Поклоны мои земные дайте Земле Казацкой, Донскому Войску, Батюшке Дону Тихому, солнцу красному, месячку ясному, Степи широкой. Поклоны мои земные друзьям-братьям, злою неволею погибшим, кому могилы не дадено, а пылью-прахом неведомо где ложатся. Поклонитесь от меня Крестам на погосте, вербам, дорогам, Большим Кутам и Св. Кресту Господню на Храме нашем, и всем родным, вживе которые остались, молодого Казака не забыли.

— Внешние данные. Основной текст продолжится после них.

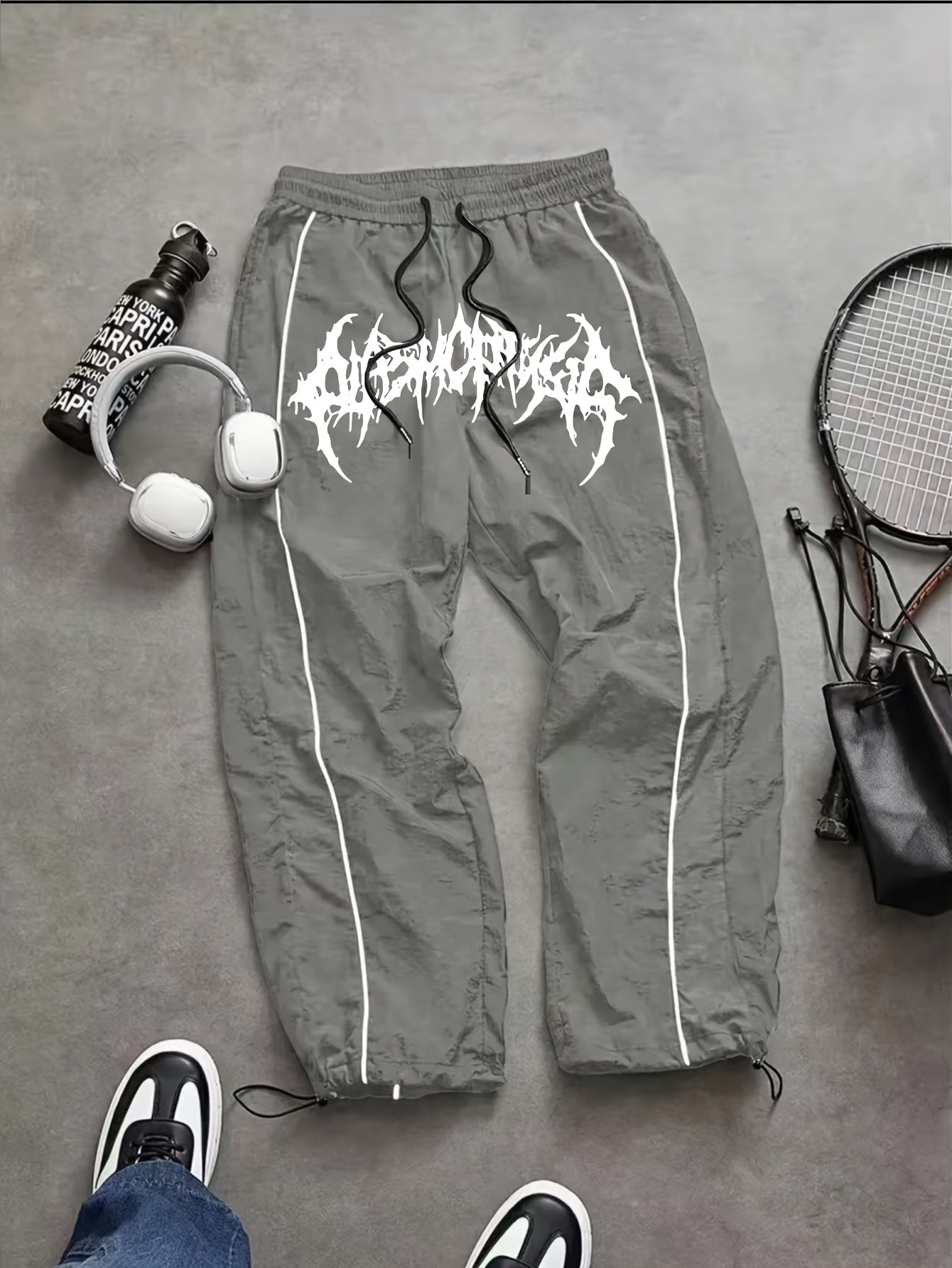 Y2K Side-Stripe Track Pants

А вам в ноги припадаю, родители мои старые, горевые, батюшка и матушка. Не печальтесь, не плачьте, жив. Во весь рост стою я, меньшой ваш сын, ширшё плечами стал, могутней. До радостного свиданьица!..
Март 1925 г
Париж
Свет разума
С горы далеко видно.
Карабкается кто-то от городка. Постоит у разбитой дачки, у виноградника, нырнет в балку, опять на бугор, опять в балку. Как будто дьякон… Но зачем он сюда заорался? Не время теперь гулять. Что-нибудь очень важное?.. Остановился, чего-то глядит на море. Зимнее оно, крутит мутью. Над ним – бакланы, как черные узелки на нитке. Чего – махнул рукой. Понятно: пропало все! Мне – понятно.

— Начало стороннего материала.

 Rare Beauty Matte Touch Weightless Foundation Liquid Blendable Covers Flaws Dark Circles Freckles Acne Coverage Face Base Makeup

Живет дьякон внизу, в узенькой улочке, домосед. Служить-то не с кем: месяц, как взяли батюшку, увезли. Сидит – кукурузу грызет с ребятами. Пройдется по улочкам, пошепчется. В улочках-то чего не увидишь! А вот как взошел на горку да огляделся…
Не со святой ли водой ко мне? Недавно Крещение было. Прошло Рождество, темное. В Крыму оно темное, без снега. Только на Куш-Кае, на высокой горе, блестит: выпал белый и крепкий снег, и белое Рождество там стало – радостная зима, далекая. Розовая – по зорям, синяя – к вечеру, в месяце – лед зеленый. А здесь, на земле, темно: бурый камень да черные деревья.